The periodic table is a systematic arrangement of the elements. They are arranged according to their atomic number, the number of protons (which in the case of atoms is also the number of electrons) of each atom.
Some of the properties of the elements can be predicted given their location in the periodic table. For instance, the reactivity of atoms is associated with the number of electrons, and therefore, reactivity of some atoms can be predicted based on their location on the periodic table. To cite a few examples, elements belonging to the second column (Group 2) usually form +2 ions such as Mg2+ and Ca2+, and hence, when reacted with, say OH-, forms Mg(OH)2 and Ca(OH)2. This being said, elements belonging to the same group have the same number of valence electrons, the outermost electrons involved in chemical reactions. All elements in Group 18, as another example, are noble gases, and are hence mostly inert - these elements all have a complete octet (8 valence electrons), and are therefore, already stable on their own. This is probably the most useful property that can be predicted from the location of an element in the periodic table. However, there's also what is known as the Law of Triads established by Dobereiner, in which it was shown that some elements can be grouped in threes. For instance, in Group 1, Lithium, Sodium, and Potassium can be classified as a triad of reactive metals. In this particular triad, the atomic weight of the middle element (sodium in this case) is the average of the 1st (Li) and 3rd (K) element. There are a few other of these triads, and they can occur either in a column or group as illustrated here, or in rows (try carbon, nitrogen, and oxygen).
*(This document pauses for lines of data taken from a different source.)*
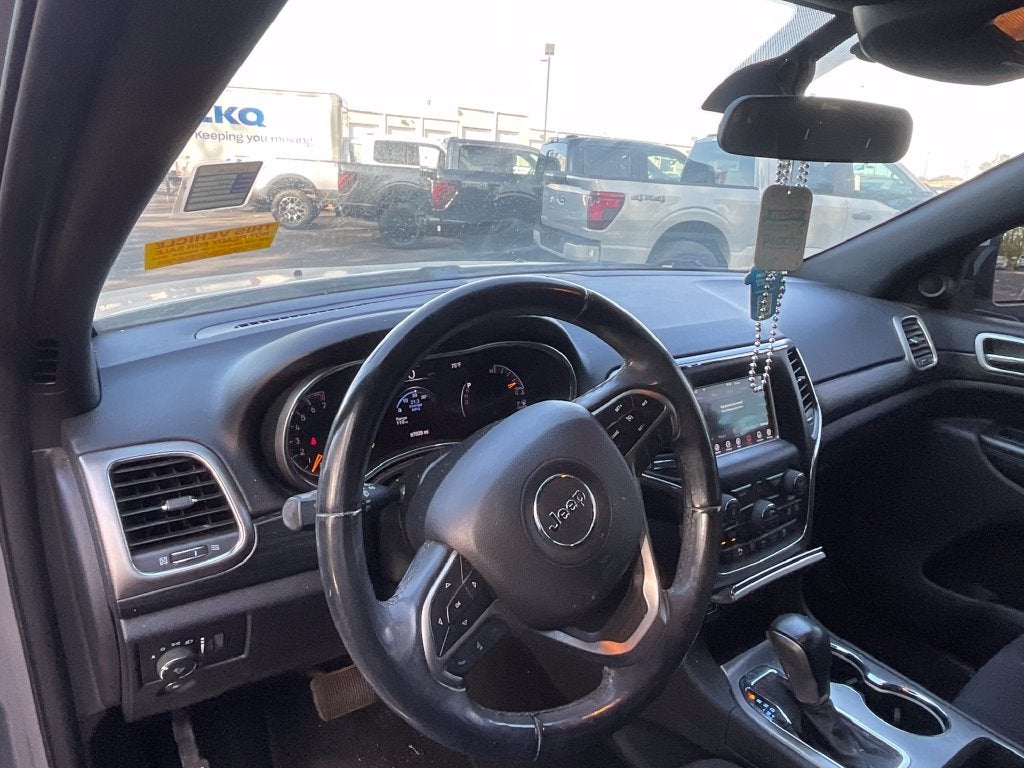 2020 Jeep Grand Cherokee Laredo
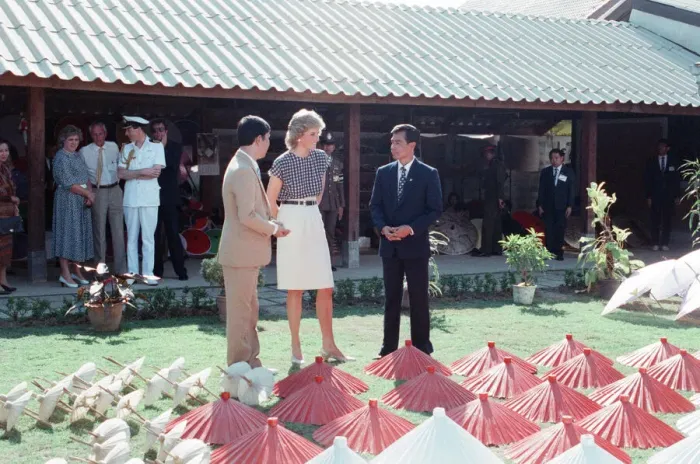 Framed Print : Princess Diana and Prince Charles on their overseas visit to Thailand Framed Print : Princess Diana and Prince Charles on their overseas visit to Thailand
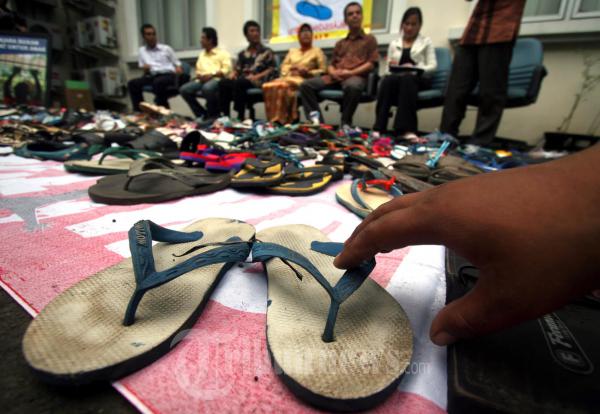 Kumpulkan 1000 Sandal di Jakarta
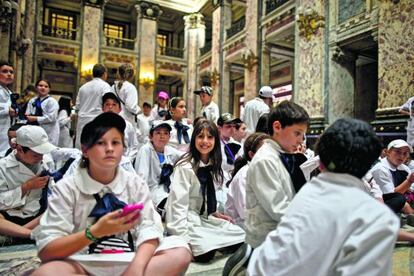 Estudiantes uruguayos visitan el Parlamento de Montevideo.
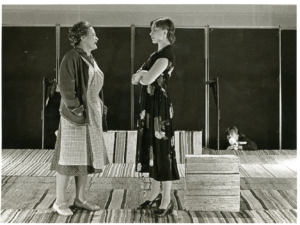 AHAA Teatteri 1979. Kuvassa Elvi Saarnio (Famu), Eila Halonen (Saara) ja Irma Junnilainen (Solveig)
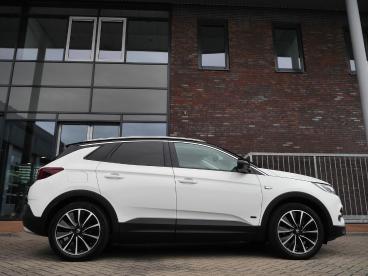 SPOTICAR Opel Grandland X 1.6 Turbo Hybrid4 Ultimate | 300 Pk | Plugin Hybri Tweedehands - Suv Plugin Hybrid Wit - Sneek - 1200299720_2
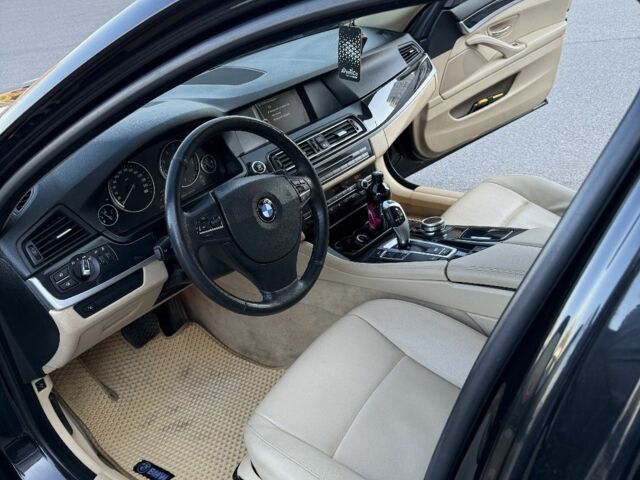 Черный БМВ 5 Серия, объемом двигателя 2 л и пробегом 234 тыс. км за 11000 $, фото 11 на Automoto.ua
There are also trends in the periodic table - ionization energy, which increases from left to right, for instance, due to number of electrons and protons in a given atom, or atomic size which increases from top to bottom due to the 'size' of orbitals. These arise from the number of protons (and electrons), which, again, is the basis for the arrangement of the periodic table.
The chemical name of an element cannot be predicted from the periodic table. Chemical names are given to elements as they are discovered. Sometimes these are written in periodic tables, but often times the chemical symbol - or the shorthand name of that particular element - is what is written in the periodic table. Usually, it is easy to determine (or memorize) the names and symbols of elements - for instance, C stands for Carbon, Ne for Neon, F for Fluorine. Other times, these are not so obvious - as in Cs for Cesium, or Pt for Platinum. Still, other cases are more difficult, especially when symbols are based off Latin names instead of the common names - as in Ag for Silver (Argentum) or W for Tungsten (Wolfram). The periodic table is a way to organize these elements, and is not a way to predict chemical name and symbol.
Finally, while it might appear that some of the elements in the lower portion of the periodic table (the UU series, for instance) are more recently discovered than the upper portion, this is not actually the case. Take for example, Uuo and Uup (elements, 118 and 115, respectively). Uuo was discovered in 1999 while Uup in 2004. Again, the periodic table is arranged in order of atomic number and not in order of discovery.
In brief, the periodic table is a systematic arrangement of elements, and this arrangement is based off their atomic numbers. Elements belonging to the same group have, usually, similar properties, and there are usually trends that can be extrapolated from their sequence in the rows and columns (so-called periodic trends). This being said, certain generalizations can be made and some chemical properties predicted.